On recording A Love Surreal:
“This album, everything really went smoothly. On my last album, I learned a lot, so I sort of came in with a certain game plan on how to simplify everything and make it better.”
On his quest to recreate the sound he hears in his head:
“I’ve always been searching for this certain lo-fi sound that I hear in my head. Every album, we get closer and closer.”
“Not there yet?” I ask.
“No, no,” he says.
“Think you’ll get there one day?”
“Yeah, yeah—that’s the whole challenge. We got really close—closer than I’ve ever been.”
On performing live:
“I’ve been singing in front of people [in church] since I was four years old, so I’m used to it.” Through the years, performing professionally, he says his style has gone through changes. “It’s a mixture of everything I’ve kind of experienced in my life. I guess it changes every time I do a record, almost, but still keeps with the old. It’s a progression, sort of.”
On the title of his new album:
“Love Surreal is a homage to an album I did that never came out, and I was going to name that A Love for Sale. And now that this album is coming out, it’s kind of surreal. It’s about finding passion and reigniting the fire that once was there and reaffirming love. The surrealism thing, I took from Salvador Dali. I was really trying to make music that you could visualize, as well as listen to.”

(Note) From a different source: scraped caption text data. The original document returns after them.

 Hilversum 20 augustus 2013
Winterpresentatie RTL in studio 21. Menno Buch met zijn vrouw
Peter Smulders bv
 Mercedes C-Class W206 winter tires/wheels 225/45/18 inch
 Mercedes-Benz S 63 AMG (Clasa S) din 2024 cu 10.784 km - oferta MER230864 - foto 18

On the album cover artwork:
“Initially, we wanted to remake a Salvador Dali—of Dali and the skull. I worked with eOne’s art department and I worked with [photographer] Marc Baptiste, who took the photos.”

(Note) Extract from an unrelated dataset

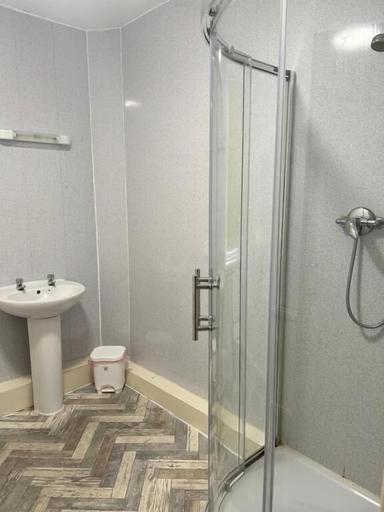 Bathroom, Adina Hotel, Blackpool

As was to be expected from a release event, the show was heavy on new material, all of which was enthusiastically received by the crowd. (Earlier songs were included, as well, though.) Bilal is the type of artist with fans in the truest sense of the word—fanatics who hang on his every note, applaud his every move. On stage, he seemed devoid of any trace of self-consciousness, but some of the more over-the-top vocals and antics that marked performances I had seen by him many years back were replaced with a more refined—but still fully dedicated—presence. Simply put, he is a phenomenal performer.
And the band? The band—keyboardist, guitarist, bassist, drummer, percussionist, and two background singers—was tight, rocking, and having what looked like a lot of fun. Bilal was clearly enjoying himself, as well, getting back on stage for an encore that seemed almost as long as the main show itself.
A Love Surreal will be released on February 26.